DLEdge: Accelerating Deep Neural Networks on the Edge

Architecture Diagram

With advances in deep neural networks (DNNs), there has been a proliferation of revolutionizing products. Yet, the popularization of such DNN-powered applications is hindered because their success is built on intensive computations and powerful GPUs. This project aims at accelerating deep neural networks on edge devices using Intel Neural Compute Stick 2 (NCS). We show that NCS is capable of speeding up the inference time of complicated neural networks, which can be efficient enough to run locally on edge devices. Such acceleration paves the way to develop ensemble learning on the edge for performance improvement. As a motivating example, we exploit object detection to be the application and utilize the well-known algorithm YOLOv3 [Link] as the detector.

We develop a web-based visualization platform to support (ensemble) object detection. Photos and videos from local files or webcam are supported. Frame per second (FPS) is displayed to indicate the speed-up made by one or more NCS devices running in parallel. The architecture of the system is as below:

Demo

We provide a video below to demonstrate this project. You may run the source code to replicate the demo using NCS devices. Make sure you have turned on the “Subtitles” on YouTube.

Installation

This project consists of two components: (1) client-side for detection visualization and (2) server-side hosting the Intel Compute Sticks. You should follow the instruction carefully to start each component. The following instruction assumes that you have already installed OpenVINO according to the guideline [Link] provided by Intel to run NCS on your machine.

Client

The client is a React app. The UI allows three types of inputs - image, video and webcam stream. If the input is an image, it is converted to a base64 encoded string and sent to server. The server decodes the image and runs the detection algorithm on it.

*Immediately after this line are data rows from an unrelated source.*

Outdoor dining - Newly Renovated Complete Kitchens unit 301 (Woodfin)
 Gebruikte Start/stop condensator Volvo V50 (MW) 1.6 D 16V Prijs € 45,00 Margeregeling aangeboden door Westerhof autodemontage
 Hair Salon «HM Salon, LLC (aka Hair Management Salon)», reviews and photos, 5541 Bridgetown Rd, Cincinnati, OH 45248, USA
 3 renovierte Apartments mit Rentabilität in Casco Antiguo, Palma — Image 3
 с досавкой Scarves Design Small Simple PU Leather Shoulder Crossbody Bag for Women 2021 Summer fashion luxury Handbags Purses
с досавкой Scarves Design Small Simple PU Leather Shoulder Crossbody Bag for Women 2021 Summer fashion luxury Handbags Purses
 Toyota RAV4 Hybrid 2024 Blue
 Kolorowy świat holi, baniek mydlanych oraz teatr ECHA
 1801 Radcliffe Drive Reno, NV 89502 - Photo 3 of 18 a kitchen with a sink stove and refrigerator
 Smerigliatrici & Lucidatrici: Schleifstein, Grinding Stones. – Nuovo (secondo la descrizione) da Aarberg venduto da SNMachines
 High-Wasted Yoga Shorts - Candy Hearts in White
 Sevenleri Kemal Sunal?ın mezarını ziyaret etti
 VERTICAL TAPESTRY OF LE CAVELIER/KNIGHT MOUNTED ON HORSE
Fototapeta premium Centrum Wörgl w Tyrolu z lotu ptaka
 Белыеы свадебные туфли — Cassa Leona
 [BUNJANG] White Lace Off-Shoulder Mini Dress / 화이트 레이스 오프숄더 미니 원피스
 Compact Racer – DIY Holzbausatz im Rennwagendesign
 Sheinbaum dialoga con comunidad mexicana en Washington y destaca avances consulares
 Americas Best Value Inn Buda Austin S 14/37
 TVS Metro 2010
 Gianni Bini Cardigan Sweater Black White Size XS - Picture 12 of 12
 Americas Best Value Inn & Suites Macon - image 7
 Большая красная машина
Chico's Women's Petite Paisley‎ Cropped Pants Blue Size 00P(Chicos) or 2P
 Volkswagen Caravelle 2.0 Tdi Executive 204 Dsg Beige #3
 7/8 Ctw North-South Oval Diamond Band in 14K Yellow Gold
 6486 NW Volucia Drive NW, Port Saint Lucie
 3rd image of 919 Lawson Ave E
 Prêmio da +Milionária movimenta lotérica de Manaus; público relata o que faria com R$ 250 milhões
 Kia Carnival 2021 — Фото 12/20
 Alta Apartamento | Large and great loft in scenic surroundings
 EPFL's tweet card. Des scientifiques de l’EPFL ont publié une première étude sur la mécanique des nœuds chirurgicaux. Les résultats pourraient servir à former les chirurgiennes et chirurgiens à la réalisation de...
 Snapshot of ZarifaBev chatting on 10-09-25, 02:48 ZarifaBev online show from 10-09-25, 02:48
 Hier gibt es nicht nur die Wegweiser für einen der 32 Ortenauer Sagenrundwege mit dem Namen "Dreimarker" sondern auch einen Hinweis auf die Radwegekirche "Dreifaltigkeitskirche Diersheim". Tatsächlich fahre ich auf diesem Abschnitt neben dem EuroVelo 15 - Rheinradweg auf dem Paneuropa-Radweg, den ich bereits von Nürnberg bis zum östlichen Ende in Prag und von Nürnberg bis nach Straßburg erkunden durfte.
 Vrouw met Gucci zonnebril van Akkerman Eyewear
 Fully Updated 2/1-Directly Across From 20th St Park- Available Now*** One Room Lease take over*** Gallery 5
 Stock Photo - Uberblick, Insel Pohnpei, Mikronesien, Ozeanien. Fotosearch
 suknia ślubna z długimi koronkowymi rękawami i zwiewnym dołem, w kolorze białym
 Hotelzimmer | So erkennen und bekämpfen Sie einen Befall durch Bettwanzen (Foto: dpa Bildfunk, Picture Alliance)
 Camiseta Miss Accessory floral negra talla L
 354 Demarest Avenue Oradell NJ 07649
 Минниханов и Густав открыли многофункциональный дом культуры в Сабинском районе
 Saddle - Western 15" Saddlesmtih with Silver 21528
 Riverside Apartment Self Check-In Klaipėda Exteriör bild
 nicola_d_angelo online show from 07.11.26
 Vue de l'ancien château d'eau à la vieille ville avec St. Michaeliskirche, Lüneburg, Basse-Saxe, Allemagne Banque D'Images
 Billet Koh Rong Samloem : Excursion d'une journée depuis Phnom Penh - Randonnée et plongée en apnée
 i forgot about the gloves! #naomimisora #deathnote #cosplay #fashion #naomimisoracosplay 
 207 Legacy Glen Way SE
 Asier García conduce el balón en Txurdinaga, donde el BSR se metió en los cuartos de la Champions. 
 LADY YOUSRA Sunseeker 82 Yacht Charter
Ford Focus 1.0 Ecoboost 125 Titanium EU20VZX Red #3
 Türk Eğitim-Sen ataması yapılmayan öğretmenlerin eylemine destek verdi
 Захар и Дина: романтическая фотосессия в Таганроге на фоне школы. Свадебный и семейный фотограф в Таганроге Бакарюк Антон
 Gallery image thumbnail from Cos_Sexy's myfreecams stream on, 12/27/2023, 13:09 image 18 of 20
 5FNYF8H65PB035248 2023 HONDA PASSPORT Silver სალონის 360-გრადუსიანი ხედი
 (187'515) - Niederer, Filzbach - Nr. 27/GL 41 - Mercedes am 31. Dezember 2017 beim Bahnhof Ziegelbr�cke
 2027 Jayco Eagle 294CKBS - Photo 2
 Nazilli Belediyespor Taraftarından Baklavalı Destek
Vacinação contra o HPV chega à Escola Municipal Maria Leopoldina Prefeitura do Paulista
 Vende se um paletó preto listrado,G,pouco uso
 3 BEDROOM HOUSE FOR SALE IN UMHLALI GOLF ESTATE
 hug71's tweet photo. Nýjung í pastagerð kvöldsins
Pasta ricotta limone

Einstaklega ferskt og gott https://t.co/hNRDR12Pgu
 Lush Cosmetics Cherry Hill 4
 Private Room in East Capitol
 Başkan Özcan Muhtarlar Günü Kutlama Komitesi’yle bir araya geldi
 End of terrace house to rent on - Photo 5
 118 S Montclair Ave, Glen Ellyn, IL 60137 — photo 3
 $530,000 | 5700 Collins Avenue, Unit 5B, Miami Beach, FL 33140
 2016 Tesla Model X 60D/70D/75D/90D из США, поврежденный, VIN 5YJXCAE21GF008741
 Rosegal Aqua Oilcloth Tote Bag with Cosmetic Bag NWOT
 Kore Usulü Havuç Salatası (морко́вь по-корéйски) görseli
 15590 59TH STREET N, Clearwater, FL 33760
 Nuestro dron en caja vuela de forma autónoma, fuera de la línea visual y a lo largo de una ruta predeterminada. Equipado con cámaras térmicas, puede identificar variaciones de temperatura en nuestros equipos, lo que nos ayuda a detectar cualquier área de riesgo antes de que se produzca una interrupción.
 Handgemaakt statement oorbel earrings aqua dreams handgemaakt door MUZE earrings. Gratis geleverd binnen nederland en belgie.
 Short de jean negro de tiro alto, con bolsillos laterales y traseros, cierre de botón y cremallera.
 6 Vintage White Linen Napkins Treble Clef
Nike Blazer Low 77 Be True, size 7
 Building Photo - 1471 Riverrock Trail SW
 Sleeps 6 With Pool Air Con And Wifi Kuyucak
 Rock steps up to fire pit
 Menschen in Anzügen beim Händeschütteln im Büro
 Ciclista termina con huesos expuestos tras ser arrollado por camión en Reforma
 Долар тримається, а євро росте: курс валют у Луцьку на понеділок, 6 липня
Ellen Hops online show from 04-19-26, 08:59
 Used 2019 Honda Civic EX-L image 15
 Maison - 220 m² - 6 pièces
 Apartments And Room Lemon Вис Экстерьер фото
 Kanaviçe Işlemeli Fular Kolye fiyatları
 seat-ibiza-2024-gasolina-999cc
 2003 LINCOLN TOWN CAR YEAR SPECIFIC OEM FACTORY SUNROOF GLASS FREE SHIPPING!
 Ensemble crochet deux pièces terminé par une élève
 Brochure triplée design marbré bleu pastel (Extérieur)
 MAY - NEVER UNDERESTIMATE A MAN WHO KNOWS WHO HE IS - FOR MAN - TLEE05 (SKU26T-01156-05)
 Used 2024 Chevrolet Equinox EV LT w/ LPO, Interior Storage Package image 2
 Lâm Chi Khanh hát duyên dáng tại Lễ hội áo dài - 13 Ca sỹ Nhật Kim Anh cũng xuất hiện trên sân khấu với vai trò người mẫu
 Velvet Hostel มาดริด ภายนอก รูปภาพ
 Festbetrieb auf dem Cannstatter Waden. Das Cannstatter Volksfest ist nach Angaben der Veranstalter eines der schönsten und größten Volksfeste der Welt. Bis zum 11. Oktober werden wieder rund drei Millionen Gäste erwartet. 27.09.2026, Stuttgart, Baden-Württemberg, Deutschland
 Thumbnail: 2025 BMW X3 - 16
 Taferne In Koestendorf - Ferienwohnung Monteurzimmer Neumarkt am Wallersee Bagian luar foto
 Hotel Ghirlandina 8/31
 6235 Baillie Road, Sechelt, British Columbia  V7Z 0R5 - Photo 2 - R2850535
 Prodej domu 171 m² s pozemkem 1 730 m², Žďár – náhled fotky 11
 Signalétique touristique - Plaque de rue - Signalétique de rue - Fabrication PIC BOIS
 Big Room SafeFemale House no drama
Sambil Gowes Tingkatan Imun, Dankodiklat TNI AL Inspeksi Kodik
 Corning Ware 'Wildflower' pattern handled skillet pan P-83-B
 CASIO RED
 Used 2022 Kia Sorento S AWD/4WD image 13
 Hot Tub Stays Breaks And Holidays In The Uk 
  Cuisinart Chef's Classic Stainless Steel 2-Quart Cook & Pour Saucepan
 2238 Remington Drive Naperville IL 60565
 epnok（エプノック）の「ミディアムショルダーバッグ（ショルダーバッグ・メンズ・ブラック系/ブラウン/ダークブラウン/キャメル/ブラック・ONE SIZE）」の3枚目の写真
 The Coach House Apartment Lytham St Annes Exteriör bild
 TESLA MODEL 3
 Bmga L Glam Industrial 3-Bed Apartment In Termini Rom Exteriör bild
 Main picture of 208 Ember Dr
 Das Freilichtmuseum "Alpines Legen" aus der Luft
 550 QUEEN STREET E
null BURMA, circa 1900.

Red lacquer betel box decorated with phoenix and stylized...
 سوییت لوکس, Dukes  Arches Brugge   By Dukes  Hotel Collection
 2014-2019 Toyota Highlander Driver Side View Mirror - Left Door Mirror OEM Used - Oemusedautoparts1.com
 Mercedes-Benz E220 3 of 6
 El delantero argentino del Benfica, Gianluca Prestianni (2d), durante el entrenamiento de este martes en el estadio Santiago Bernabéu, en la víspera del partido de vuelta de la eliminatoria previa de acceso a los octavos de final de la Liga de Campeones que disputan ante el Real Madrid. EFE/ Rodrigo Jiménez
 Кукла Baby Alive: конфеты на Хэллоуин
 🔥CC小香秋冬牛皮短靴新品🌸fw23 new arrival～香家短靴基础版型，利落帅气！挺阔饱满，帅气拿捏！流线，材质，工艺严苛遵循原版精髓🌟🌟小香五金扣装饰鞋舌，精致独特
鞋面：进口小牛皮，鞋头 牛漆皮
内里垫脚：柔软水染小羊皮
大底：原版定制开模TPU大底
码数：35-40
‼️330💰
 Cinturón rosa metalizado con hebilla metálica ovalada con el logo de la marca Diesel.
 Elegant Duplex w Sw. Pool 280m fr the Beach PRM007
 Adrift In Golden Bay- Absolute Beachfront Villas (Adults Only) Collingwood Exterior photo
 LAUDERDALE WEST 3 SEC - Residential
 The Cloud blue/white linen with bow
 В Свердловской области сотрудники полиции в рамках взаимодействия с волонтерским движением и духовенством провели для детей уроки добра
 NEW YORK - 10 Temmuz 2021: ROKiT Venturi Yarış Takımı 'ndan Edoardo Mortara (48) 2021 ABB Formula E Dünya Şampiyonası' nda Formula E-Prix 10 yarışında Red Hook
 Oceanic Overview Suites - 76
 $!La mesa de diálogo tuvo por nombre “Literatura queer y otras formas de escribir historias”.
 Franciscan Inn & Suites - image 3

Server then sends back the prediction results - class, score and bounding box locations - which are then displayed on the UI. For video or video stream captured through UI, the workflow is same, except that in this case, each frame of the video is encoded as base64 string and sent to server.

To run the client, follow the below steps

cd app/

npm install

npm start

The client runs on port 3000.

Server

The server is a Flask server:

Install Flask with pip install Flask
Setup OpenVINO env as instructed by Intel
Run python3 server_parallel.py
Plugin the device one by one according to the instruction

The server supports two APIs

POST /detect_objects

This API is used to send the image data to the server.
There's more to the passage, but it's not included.